All of these handle SPF, DKIM, DMARC setup, deliverability monitoring, list hygiene, and unsubscribe processing. Choose based on your stack, audience, and budget — but use one. Sending bulk email from your own SMTP server in 2026 is a deliverability and compliance nightmare unless you have a dedicated email-operations team.

Monitor reputation and engagement

Sender reputation is now an ongoing operational concern, not a setup task:

• Gmail Postmaster Tools and Yahoo Sender Hub show your reputation, spam-rate, and authentication results across those mailbox providers.
• SNDS (Smart Network Data Services) from Microsoft for Outlook.com / Hotmail visibility.
• Bounce handling — automatically remove hard bounces (permanent failures); handle soft bounces (temporary issues) with retry policies; don’t resend to addresses that have repeatedly bounced.
• Engagement-based segmentation — recipients who haven’t opened or clicked in 6-12 months should be re-engaged or removed. Mailbox providers use engagement signals to determine whether your messages reach the inbox.
• Apple Mail Privacy Protection (since iOS 15, September 2021) pre-loads remote images for users who opt in, breaking traditional open-rate tracking. Plan your measurement around clicks, conversions, and revenue rather than relying solely on open rates.

Frequently asked questions

Can I legally cold-email B2B contacts?

It varies. In the U.S., cold B2B email is generally permitted under CAN-SPAM if you follow the identification, advertisement, and opt-out rules. In the EU under GDPR, B2B is treated nearly the same as B2C — prior consent generally required. CASL has a narrow B2B exception for messages sent to a publicly listed business address, but the message must still meet identification and unsubscribe requirements. The UK’s PECR has a B2B exception for “corporate subscribers.” Treat each jurisdiction’s rules separately.

What happens if I don’t set up DMARC?

For bulk senders (5,000+/day to Gmail or Yahoo), your messages will be progressively throttled or rejected starting in early 2024 and increasingly aggressive enforcement through 2025-2026. For low-volume senders, you may still get through but your reputation builds slowly and you’re more vulnerable to spoofing. Setting up DMARC is essentially required for any serious email program.

Are purchased lists ever legal?

In most jurisdictions, no — at least not in any usable way. GDPR and CASL effectively prohibit them because the recipients didn’t consent specifically to your sending.
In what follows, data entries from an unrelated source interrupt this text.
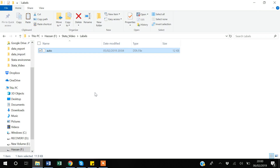Hello guys, my name is Khan and in this video I will show you how you can label variables and label values in Stata. I'm starting again with the auto.dta file.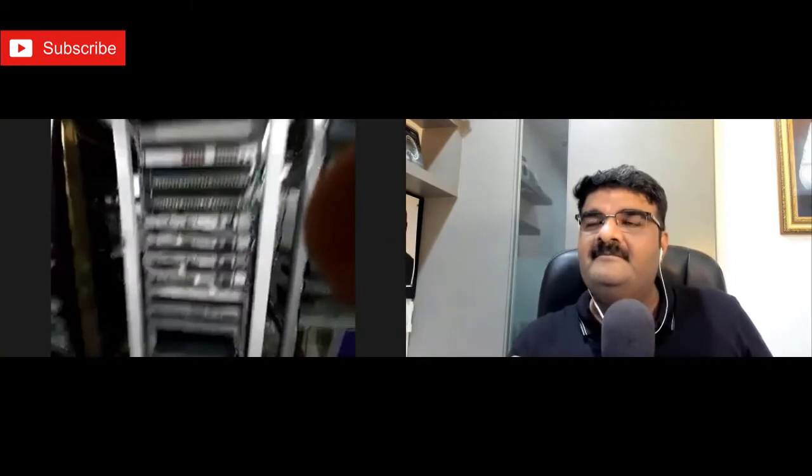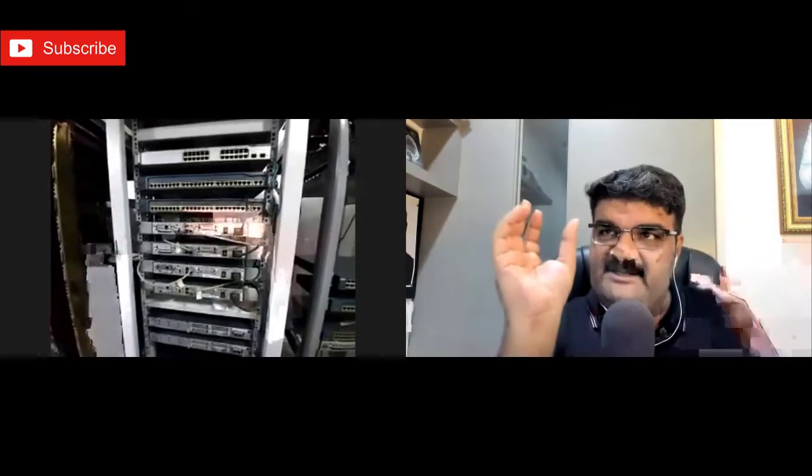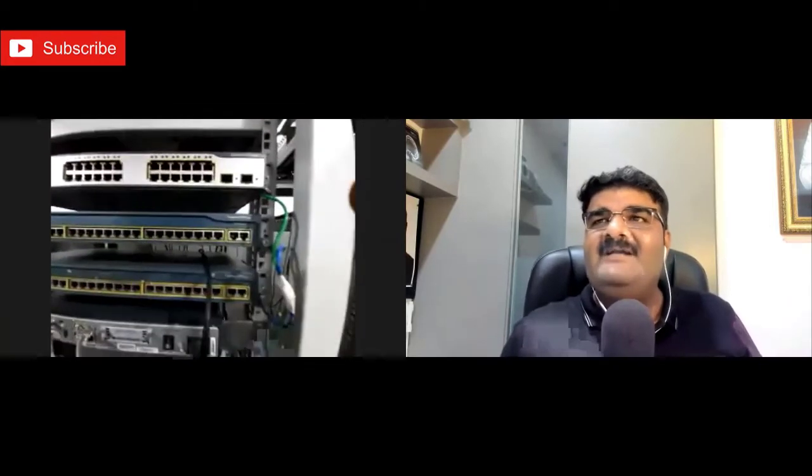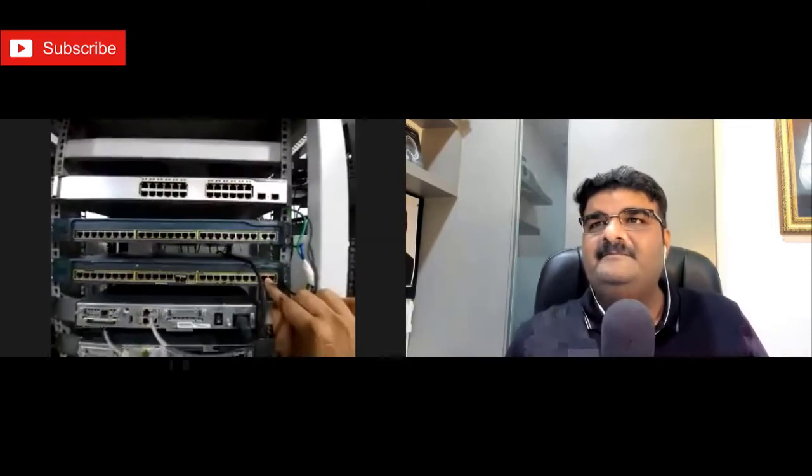This is the rack and here we have some switches — this is a 3750, this is a 2950, and this is also a 2950. And here I have some routers with model 1841. There are lots of routers.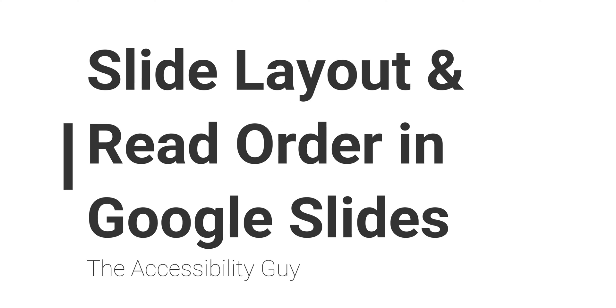In today's video, we're going to learn how to set up an accessible presentation in Google Slides. And that all begins with using a slide layout from the default template built into Google. Additionally, we're going to explore how to set the reading order of the objects on your Google Slide.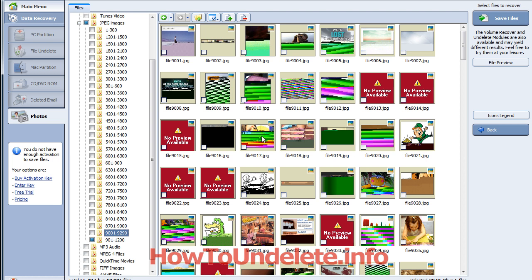So that's why it's important to install this software on a separate hard drive if you plan on recovering your photos. Now this particular software gives us a visual representation of the photos that it found that had been deleted.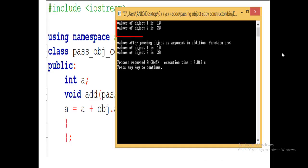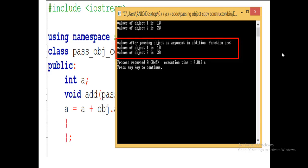This is the output. The first print statement shows value of object1 is 10 and value of object2 is 20. After calling the add function, the value of object1 remains 10 because we never performed any operation on object1 — we called add through object2. So the result is saved in object2's variable 'a', and the value of object2 changes to 30, which is the result of the addition. This is a simple example of how we pass an object to a function.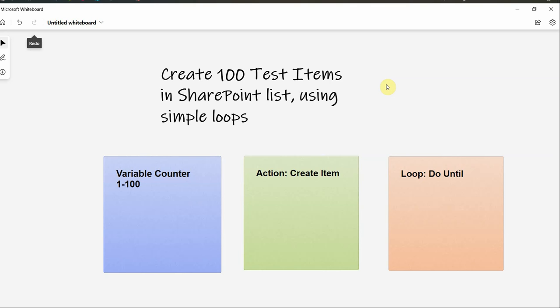Hello and welcome. Thank you for joining me today. So we're going to have a small exercise and I'll show you how to create some test items in SharePoint list using simple loops in Power Automate.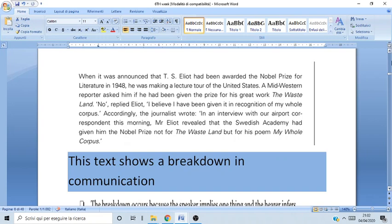When I ask you to analyze this type of text during the exam, I want to know: anaphoric or cataphoric reference, if you find cases of politeness and how politeness strategies are used, what cohesion techniques are used — substitution, ellipsis, repetition — all these types of things are what I want when you analyze these texts.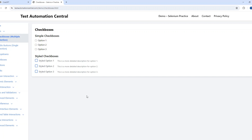Hello and welcome to Testo Automation Central. In this video, we are going to use Gen AI or ChatGPT to write the automation script for handling checkboxes.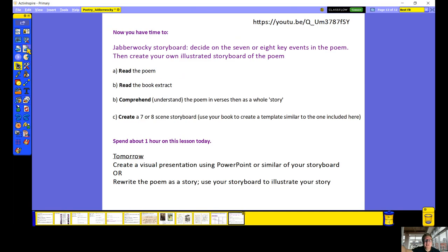'Twas brillig, and the slithy toves did gyre and gimble in the wabe. All mimsy were the borogoves and the mome raths outgrabe. Beware the Jabberwock, my son, the jaws that bite, the claws that catch. Beware the Jubjub bird and shun the frumious Bandersnatch. He took his vorpal sword in hand, long time the manxome foe he sought. So rested he by the Tumtum tree and stood a while in thought.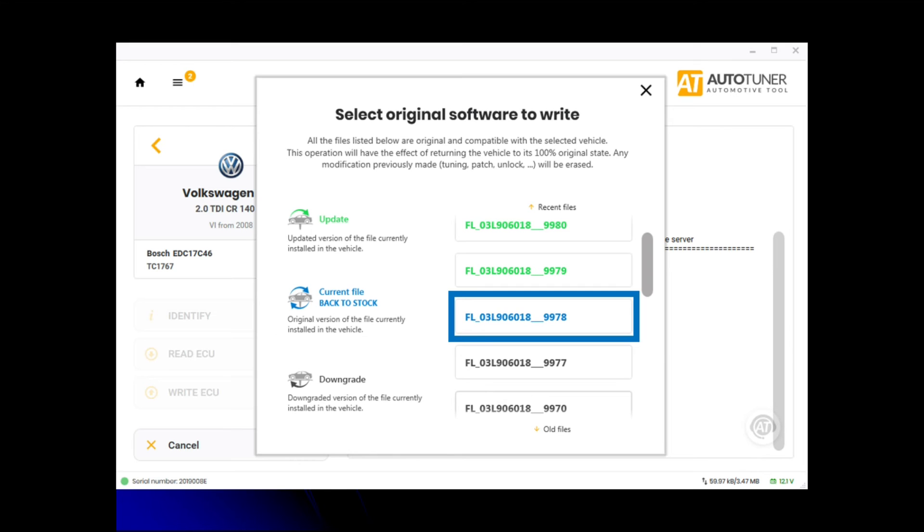A lot of times you might turn up to cars and it's been remapped before, you don't know whether it's got a bad file on there or it's not running mechanically sound. Using this back to stock button, you can revert it back to original first, datalog it, dyno run it, make sure it's achieving its stock figures. If it's achieving its stock figures, then you can go ahead and do a software update, backdate, or remap.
CAN-SPAM doesn’t require consent but requires that obtained addresses come through legitimate channels, and most purchased lists fail this. Even where technically legal, purchased lists generate high spam-complaint rates that destroy your sender reputation. Don’t buy lists.
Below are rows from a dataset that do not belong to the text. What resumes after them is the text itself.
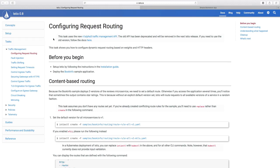In this demo, we have just seen the request routing. But there are different ways using which we can configure our routing rules using Istio.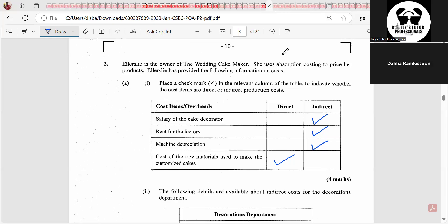LSD is the owner of the wedding cake maker. She uses absorption costing to price her products. The question asks us to place a checkmark to indicate whether cost items are direct or indirect production costs. Direct costs vary based on the amount of goods you produce. For example, if making a cake costs $10 in icing for each cake, then three cakes cost $30, five cakes cost $50 — so icing is a variable or direct cost.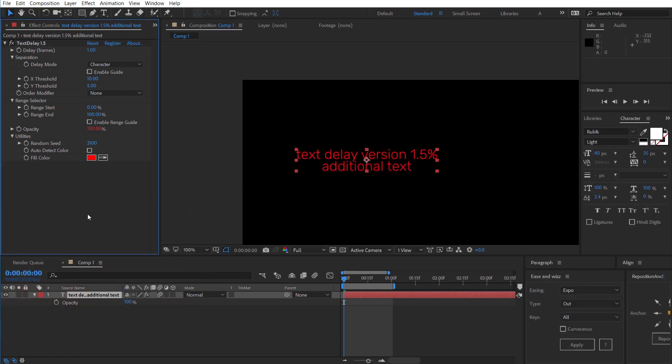In the future we're looking to make this compatible with 3D transformations and rotation so that should be cool. But in the meantime hope you enjoy using version 1.5.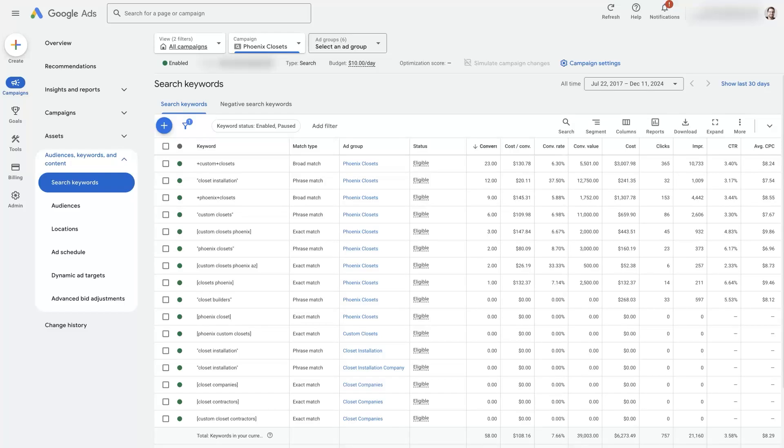If you're having issues with Google Ads keywords not showing, then there's a couple of things to check to see what might be going on.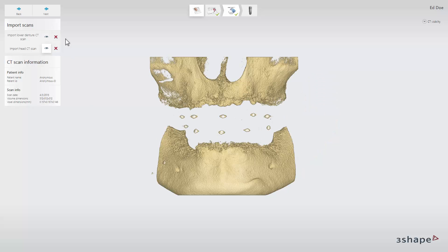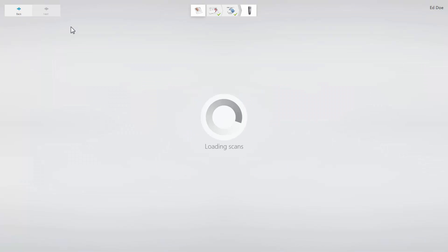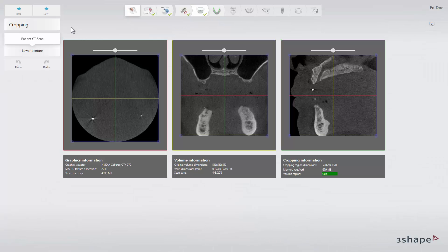When the scans are loaded, click Next to proceed to the cropping step. See our next video, how to prepare CBCT data and create a panoramic view to learn more. Thank you for watching.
What about purely transactional emails?

Transactional emails (order confirmations, password resets, shipping notifications, account alerts) are generally exempt from the consent and opt-out rules in most jurisdictions, since they’re necessary to fulfill an existing customer relationship. Don’t bury marketing content inside transactional emails — that risks losing the exemption and triggering CAN-SPAM/GDPR violations.

How do open rates work after Apple Mail Privacy Protection?
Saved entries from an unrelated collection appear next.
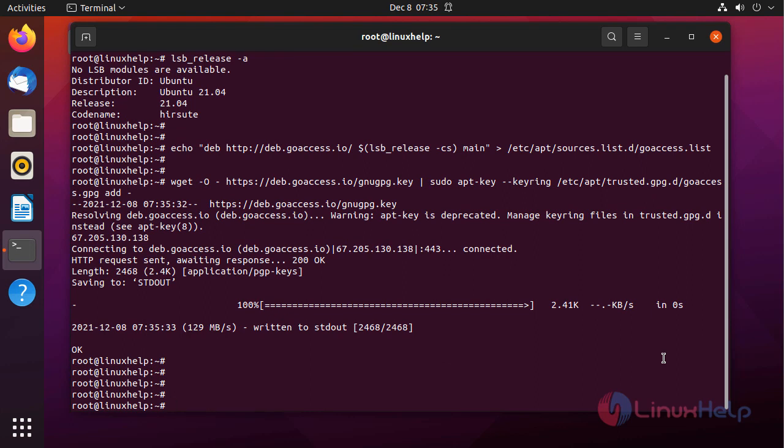After that I am updating the apt by using the following command.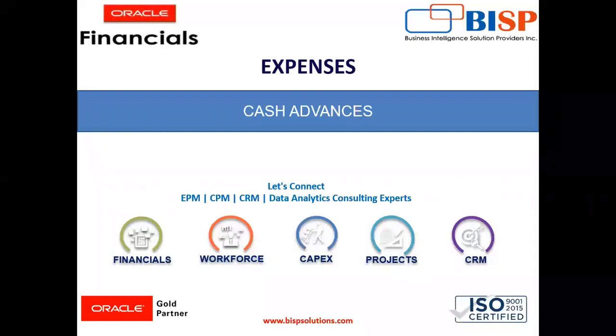Hello everyone, I am Harshita and today's topic is Cash Advances and Expenses.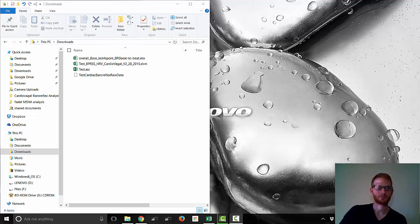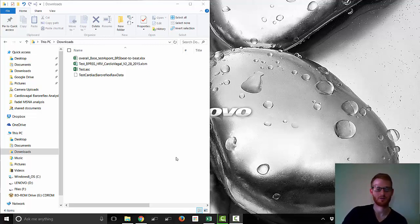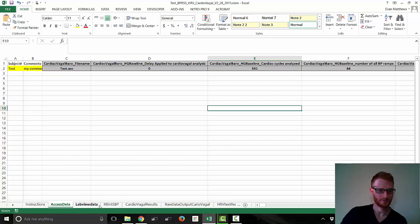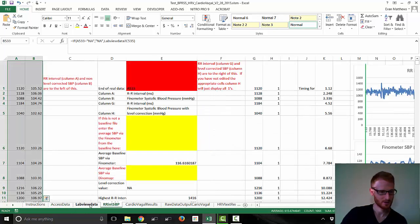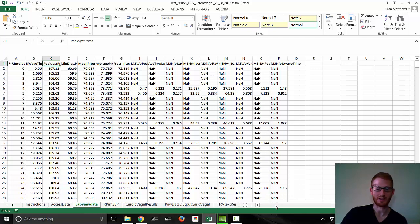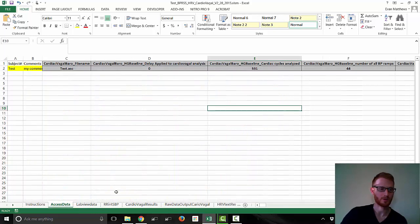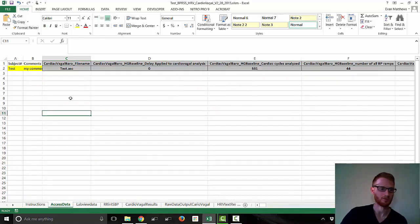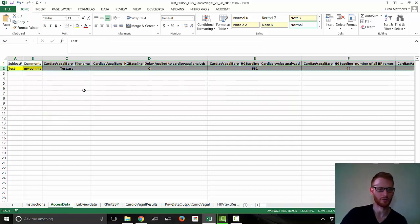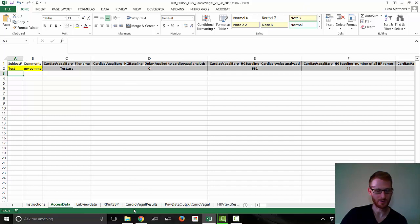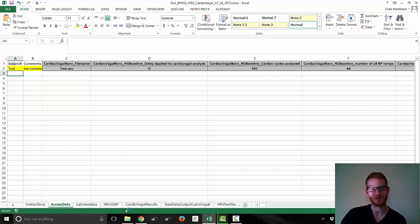All right, so in this video I'm going to continue with what I showed in the cardiac baroreflex video, which was how to get from this raw data from our LabView program to a point where we have our cardiac baroreflex data all together in a single row for this person. This time though, I'm going to be doing the heart rate variability, and I'm going to be doing this using Kubios software.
Open rates are no longer reliable. Apple Mail Privacy Protection pre-loads remote images for opt-in users, generating false “opens” for messages that may never have been read. Click rates, conversion rates, and downstream revenue are now the meaningful engagement metrics. Most modern ESPs explicitly mark Apple-MPP-influenced opens or offer click-based engagement segmentation as the alternative.

The bottom line

The 2026 reality is that “unsolicited” in the title’s sense is a US-centric framing — under CAN-SPAM you can legally send commercial email to people who haven’t opted in, but you can’t under GDPR, CASL, or most other strict jurisdictions. Even where unsolicited email is legal, the technical bar (SPF/DKIM/DMARC, list-unsubscribe, sub-0.3% spam rates) and the compliance overhead make opt-in the practical default. Get consent, set up authentication properly, use a reputable ESP, monitor reputation and engagement, and treat unsubscribe handling as table-stakes rather than an inconvenience. The principles aren’t complicated — but neither are the penalties when you skip them.